Lightweighting Shipyard 3D Deep Learning Dataset and Object Detection Performance Analysis Using FPFH-Based Geometric Feature Augmentation
Ki-Seok Jung, Dong-Kun Lee · Journal of the Society of Naval Architects of Korea · 2025
As digital twin technology for implementing smart shipyards advances, research on object detection using 3D point cloud has become increasingly necessary. Shipyards, in particular, are complex environments with coexisting indoor and outdoor settings, large structures, and diverse equipment, making the analysis of features from 3D point cloud objects essential for effective object detection. However, these environments, characterized by intricate geometries, varied equipment scales, and high-resolution data, generate massive datasets. Such large volumes of data lead to challenges in storage, transmission, processing, and learning resources and costs, notably intensifying computational and memory loads during the training of deep learning-based object detection models. Therefore, a lightweighting solution that ensures efficient processing while maintaining data quality is required.
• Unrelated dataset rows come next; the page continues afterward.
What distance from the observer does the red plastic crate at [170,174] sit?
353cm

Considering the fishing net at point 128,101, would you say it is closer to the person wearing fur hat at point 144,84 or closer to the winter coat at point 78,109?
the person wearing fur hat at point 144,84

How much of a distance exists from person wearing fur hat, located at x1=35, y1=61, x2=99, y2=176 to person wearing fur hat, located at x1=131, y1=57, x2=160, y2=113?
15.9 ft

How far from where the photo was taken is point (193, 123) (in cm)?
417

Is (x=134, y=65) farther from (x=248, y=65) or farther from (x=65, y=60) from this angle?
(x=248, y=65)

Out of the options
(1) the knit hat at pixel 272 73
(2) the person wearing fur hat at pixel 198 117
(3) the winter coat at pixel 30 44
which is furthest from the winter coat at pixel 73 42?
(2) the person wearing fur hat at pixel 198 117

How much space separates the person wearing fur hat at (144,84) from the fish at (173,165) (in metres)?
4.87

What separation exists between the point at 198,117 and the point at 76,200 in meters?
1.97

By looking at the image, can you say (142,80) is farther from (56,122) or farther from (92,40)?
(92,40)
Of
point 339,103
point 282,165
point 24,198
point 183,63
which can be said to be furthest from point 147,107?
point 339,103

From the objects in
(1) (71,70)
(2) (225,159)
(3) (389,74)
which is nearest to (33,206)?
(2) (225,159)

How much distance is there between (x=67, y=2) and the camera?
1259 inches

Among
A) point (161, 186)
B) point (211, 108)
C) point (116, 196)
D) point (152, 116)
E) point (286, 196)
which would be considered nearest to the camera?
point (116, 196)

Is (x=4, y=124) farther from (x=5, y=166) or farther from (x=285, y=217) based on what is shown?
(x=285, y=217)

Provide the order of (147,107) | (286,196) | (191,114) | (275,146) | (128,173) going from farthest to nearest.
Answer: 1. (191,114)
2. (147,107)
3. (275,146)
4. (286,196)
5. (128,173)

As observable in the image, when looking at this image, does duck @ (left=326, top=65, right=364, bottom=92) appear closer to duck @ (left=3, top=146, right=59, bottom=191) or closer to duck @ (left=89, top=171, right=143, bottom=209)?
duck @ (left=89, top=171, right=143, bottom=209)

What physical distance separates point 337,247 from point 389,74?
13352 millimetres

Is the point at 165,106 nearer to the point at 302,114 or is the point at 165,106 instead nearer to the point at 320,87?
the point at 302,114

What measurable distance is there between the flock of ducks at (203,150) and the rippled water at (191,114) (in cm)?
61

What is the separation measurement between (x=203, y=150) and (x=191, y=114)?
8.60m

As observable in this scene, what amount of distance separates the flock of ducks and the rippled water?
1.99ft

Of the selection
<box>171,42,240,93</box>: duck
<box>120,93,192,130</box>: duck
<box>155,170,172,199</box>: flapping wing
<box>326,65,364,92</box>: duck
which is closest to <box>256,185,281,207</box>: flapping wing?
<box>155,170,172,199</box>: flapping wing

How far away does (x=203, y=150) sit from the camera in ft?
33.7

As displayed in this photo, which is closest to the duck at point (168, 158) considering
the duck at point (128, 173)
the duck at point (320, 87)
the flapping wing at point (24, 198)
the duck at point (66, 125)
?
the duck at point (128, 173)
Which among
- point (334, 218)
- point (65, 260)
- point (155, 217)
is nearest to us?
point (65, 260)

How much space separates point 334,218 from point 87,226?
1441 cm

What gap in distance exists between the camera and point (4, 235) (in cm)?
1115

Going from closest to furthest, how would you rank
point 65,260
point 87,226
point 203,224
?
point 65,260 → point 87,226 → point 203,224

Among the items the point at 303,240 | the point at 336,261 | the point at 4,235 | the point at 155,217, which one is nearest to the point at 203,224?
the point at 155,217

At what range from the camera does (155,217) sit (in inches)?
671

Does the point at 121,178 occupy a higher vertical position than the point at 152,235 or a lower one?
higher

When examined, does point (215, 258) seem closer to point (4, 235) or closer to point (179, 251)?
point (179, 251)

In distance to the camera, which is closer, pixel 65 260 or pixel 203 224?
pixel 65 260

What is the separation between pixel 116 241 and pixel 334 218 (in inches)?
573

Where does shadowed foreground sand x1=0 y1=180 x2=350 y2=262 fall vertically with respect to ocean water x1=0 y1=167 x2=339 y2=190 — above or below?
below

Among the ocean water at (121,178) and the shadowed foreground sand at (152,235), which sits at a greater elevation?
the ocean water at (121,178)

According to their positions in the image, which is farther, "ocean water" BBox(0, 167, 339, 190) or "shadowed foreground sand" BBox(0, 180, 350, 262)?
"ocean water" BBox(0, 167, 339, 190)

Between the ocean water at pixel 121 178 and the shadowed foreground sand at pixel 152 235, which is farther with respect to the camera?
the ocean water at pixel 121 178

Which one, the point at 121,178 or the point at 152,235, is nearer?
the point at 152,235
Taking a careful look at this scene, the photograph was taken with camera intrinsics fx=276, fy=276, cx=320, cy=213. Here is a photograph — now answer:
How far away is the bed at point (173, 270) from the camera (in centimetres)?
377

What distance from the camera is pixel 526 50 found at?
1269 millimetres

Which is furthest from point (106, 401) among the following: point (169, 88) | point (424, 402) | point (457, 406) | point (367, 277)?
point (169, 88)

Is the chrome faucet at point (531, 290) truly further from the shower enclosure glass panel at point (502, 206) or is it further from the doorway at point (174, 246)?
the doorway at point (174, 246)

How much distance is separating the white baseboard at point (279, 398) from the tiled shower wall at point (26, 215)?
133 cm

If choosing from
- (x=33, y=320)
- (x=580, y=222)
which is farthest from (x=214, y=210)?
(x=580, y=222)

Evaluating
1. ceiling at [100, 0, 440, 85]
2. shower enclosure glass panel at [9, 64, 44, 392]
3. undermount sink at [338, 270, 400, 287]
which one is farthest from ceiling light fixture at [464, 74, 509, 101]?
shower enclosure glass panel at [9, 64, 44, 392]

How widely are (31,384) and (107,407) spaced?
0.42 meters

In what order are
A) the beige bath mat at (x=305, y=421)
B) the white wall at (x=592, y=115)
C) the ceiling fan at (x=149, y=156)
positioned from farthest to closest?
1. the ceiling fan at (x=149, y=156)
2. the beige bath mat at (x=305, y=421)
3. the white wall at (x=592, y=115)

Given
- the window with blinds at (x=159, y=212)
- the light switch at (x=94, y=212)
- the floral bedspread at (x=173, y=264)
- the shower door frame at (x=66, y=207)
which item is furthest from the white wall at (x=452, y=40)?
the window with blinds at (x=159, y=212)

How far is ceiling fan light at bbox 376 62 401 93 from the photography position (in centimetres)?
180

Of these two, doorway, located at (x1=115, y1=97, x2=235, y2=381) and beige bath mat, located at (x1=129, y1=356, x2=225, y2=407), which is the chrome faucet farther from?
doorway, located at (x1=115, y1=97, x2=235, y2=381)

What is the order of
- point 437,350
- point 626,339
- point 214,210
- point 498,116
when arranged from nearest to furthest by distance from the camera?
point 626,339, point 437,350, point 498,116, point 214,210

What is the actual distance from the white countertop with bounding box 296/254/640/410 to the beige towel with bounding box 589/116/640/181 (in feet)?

Accordingly, this study extracted geometric local features using Fast Point Feature Histograms (FPFH) from 3D point cloud acquired in a shipyard. An augmented dataset was then constructed based on these extracted feature points. Subsequently, an object detection model was trained using a 3D point cloud-based deep learning architecture to analyze the impact of these features on object detection accuracy. The results indicated that the FPFH-applied dataset maintained comparable accuracy to the original dataset. This research is anticipated to be valuably utilized for the development of automation technologies and digital twins aimed at constructing smart shipyards.